> Description of the task: Retype exactly the span of lines below from the one with "КТ- и МРТ- визуализация" through the one with "宝宝湿疹跟湿度有关,应对湿疹看这一篇就够了!". Do not include pictures.

> Given records:
[Start of Attachment]
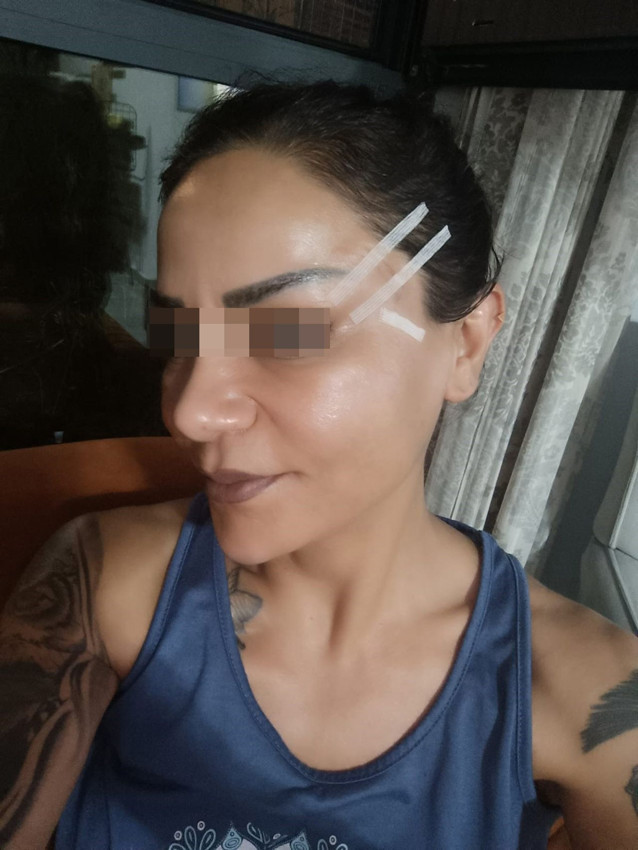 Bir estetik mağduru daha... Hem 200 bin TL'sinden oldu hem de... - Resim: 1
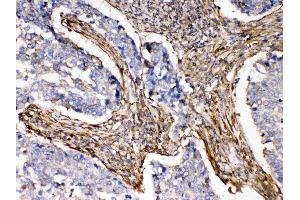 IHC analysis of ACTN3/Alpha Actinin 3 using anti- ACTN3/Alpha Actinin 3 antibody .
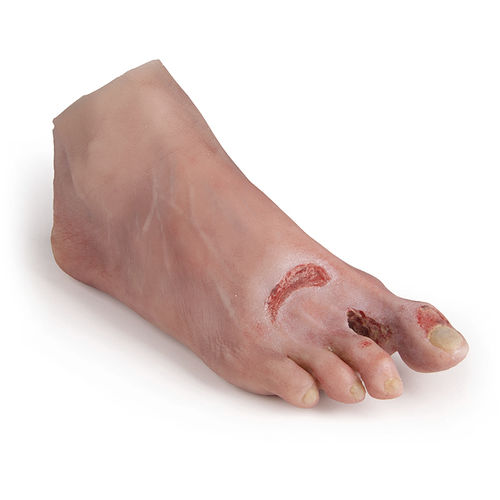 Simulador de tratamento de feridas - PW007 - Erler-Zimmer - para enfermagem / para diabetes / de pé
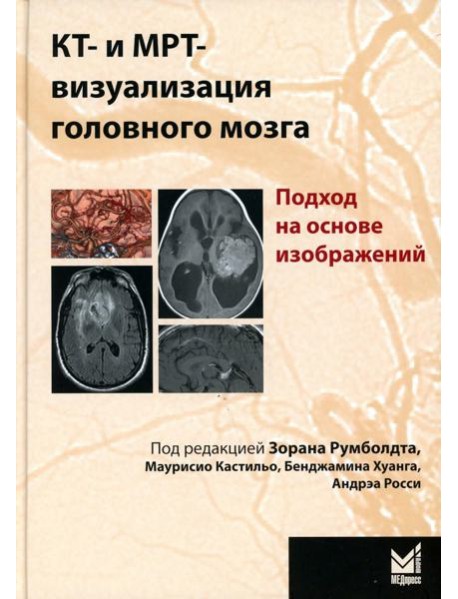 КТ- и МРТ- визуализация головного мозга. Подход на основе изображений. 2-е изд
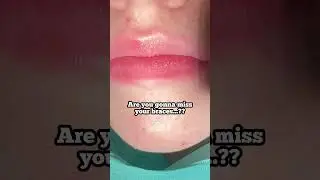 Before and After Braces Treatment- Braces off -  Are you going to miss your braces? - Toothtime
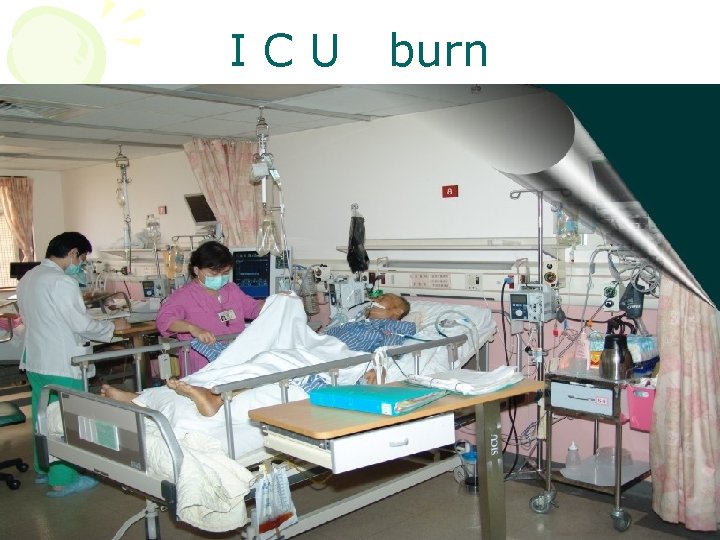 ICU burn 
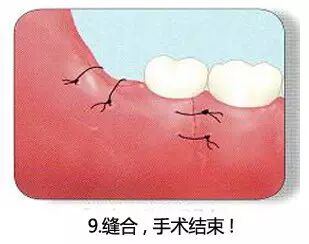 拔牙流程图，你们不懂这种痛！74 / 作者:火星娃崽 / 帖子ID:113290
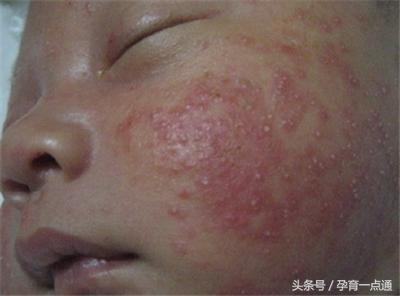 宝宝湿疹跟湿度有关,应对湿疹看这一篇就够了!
[End of Attachment]
[Start of Attachment]
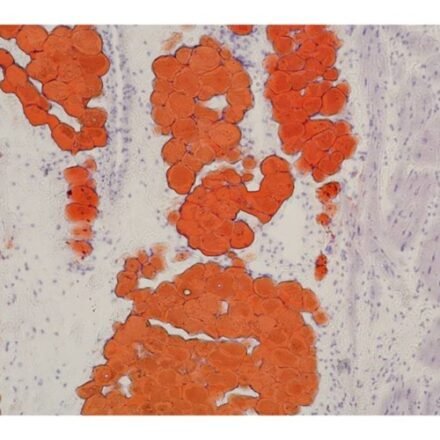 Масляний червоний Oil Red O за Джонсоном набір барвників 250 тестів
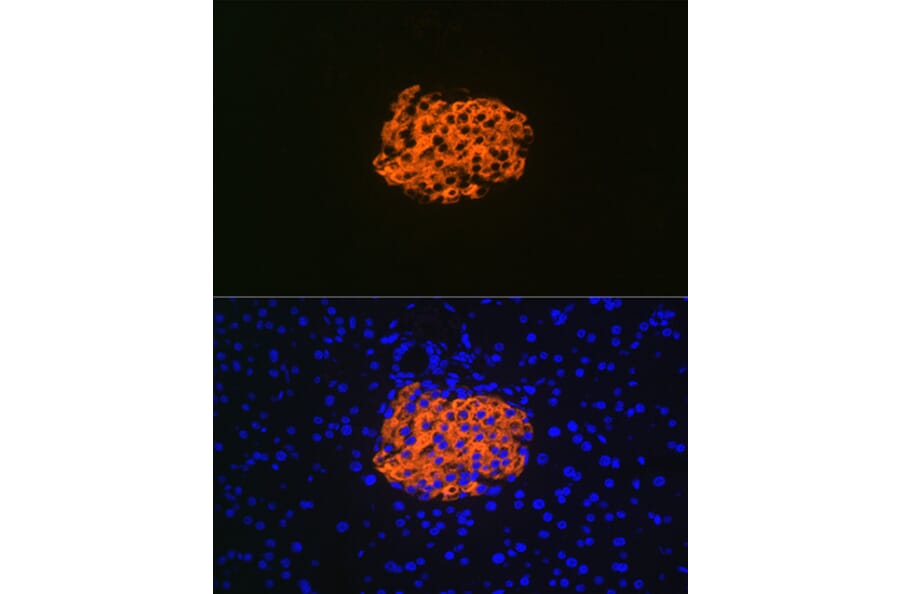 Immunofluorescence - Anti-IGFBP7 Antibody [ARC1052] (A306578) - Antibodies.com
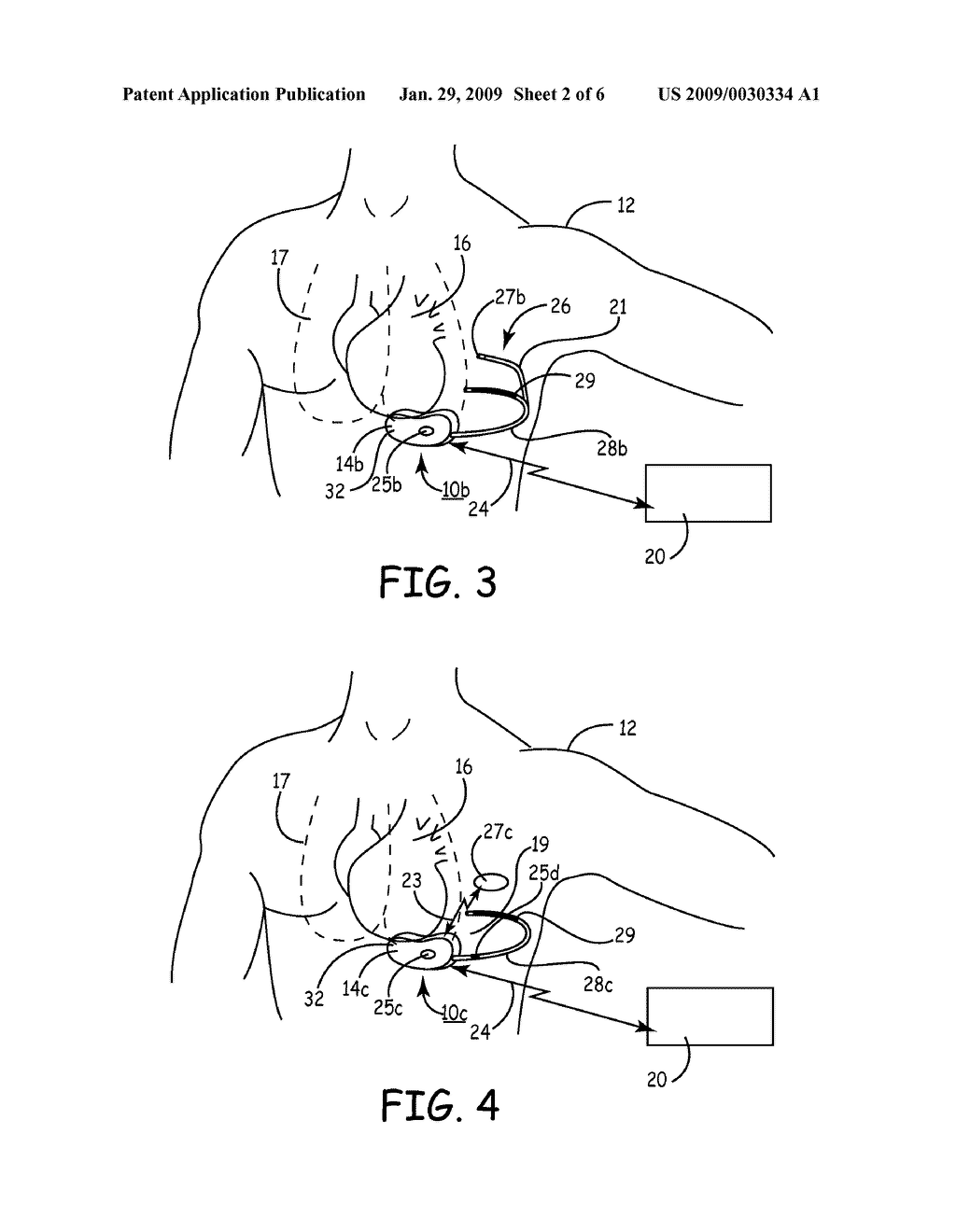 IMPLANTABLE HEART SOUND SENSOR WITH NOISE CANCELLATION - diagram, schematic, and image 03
[End of Attachment]
> Response below:
 КТ- и МРТ- визуализация головного мозга. Подход на основе изображений. 2-е изд
 Before and After Braces Treatment- Braces off -  Are you going to miss your braces? - Toothtime
 ICU burn 
 拔牙流程图，你们不懂这种痛！74 / 作者:火星娃崽 / 帖子ID:113290
 宝宝湿疹跟湿度有关,应对湿疹看这一篇就够了!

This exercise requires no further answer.